The most difficult part of doing what you are talking about is keeping the boards parrallel with the walls as you span each room.

Mark


----------



## Dudester60 (Jul 26, 2011)

I'm looking at this nailer right now, http://www.amazon.com/gp/product/B002EVPO54/ref=ox_sc_act_title_1?ie=UTF8&m=ATVPDKIKX0DER
The customer reviews speak highly of it...for the price.
Just to clarify, the floors you see of the hallway and bedroom will be removed, so there is no line up on how the two floors will meet.
Do most people install hardwood in a hallway length wise or width ? Or does it really matter ?

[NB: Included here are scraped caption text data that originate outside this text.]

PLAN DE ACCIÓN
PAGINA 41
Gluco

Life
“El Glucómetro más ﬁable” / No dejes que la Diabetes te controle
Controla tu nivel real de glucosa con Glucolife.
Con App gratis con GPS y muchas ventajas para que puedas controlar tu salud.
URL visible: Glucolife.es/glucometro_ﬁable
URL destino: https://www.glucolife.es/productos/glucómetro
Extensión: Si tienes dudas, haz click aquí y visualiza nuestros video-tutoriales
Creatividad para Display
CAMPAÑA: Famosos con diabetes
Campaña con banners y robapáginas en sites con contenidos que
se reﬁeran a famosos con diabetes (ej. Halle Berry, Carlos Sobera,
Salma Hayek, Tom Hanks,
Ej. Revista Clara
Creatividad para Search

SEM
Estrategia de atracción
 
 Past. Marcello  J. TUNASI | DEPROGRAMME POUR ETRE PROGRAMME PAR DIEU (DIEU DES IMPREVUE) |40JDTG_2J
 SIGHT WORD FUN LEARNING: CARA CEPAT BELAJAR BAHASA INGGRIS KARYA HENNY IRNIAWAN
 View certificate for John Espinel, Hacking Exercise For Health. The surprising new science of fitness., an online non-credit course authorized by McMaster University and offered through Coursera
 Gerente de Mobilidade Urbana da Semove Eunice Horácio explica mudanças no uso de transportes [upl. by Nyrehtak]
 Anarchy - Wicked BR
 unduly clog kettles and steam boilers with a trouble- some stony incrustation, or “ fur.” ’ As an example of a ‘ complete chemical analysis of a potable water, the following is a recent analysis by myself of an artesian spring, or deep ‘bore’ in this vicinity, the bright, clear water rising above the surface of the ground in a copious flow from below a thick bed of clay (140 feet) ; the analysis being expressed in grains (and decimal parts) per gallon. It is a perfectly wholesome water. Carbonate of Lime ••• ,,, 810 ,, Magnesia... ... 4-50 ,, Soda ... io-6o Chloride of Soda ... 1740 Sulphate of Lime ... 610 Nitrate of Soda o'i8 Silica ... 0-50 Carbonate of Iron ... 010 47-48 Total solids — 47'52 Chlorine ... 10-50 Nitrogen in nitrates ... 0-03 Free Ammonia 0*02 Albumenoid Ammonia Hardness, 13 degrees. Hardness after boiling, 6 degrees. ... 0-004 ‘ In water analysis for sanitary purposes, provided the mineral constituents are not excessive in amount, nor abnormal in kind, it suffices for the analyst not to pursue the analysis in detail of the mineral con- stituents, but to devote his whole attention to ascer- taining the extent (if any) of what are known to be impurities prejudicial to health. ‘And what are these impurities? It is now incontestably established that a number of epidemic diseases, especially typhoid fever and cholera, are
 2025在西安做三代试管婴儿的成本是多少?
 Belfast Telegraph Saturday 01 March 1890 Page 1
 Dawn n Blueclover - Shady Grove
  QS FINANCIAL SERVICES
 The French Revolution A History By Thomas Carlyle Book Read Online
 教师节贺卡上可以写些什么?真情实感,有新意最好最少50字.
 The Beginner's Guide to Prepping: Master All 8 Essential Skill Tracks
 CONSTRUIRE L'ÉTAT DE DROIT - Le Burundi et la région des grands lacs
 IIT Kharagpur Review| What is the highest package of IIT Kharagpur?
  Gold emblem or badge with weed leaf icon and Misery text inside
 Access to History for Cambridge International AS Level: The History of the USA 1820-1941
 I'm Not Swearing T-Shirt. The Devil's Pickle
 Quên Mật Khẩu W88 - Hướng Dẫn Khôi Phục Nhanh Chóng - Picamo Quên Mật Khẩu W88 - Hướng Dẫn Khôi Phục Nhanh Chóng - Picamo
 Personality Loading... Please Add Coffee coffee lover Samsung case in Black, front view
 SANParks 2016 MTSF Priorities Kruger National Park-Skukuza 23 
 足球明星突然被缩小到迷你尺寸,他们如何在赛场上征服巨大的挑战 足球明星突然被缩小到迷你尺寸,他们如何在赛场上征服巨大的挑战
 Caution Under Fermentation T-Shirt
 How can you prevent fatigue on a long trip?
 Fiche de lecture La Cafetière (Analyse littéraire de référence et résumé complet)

*EDIT:* Would you believe the cost of shipping the nailer from the States to my home in Canada was going to be the exact same amount as the nailer itself ($127.00 for the nailer, $128.00 shipping) not including taxes and custom charges. Too bad, looked like a decent machine. Anyway, you can forget that nailer !!!


----------



## oh'mike (Sep 18, 2009)

Length wise-----we call the halls with all the short boards--rail road tracks.


----------



## Dudester60 (Jul 26, 2011)

Well, I took the plunge, and purchased my nailer.
I did an intensive research on the lower end ones (wasn't interested in buying a pro brand name nailer for one use. I quickly realized, that just about all the no-name brands out there, are all pretty well the same....in fact, on some, it looks like they were made by the same fabricator, then painted a different color, and slapped a different decal sticker on it, or have the same color with a different name on it. Anyway, I won a bid on fleaBay for this one, and paid $88.00 for it. http://cgi.ebay.com/ws/eBayISAPI.dll?ViewItem&item=330591670045&ssPageName=ADME:B:EOIBSA:US:1123 (would have cost me more than that to rent a nailer for 3 days.) At least now I'll be able to work at my speed and not worry about time about having to bring it back. It's too early to celebrate yet, and If it turns out to be a lemon, at least I won't have invested a second mortgage on the house. Once I'm done with it, and if it works well, I shouldn't have a hard time selling it for almost what I paid for it. Just have to wait now to see if the hammer will be reliable, not jam or misfire and not leak.....time will tell.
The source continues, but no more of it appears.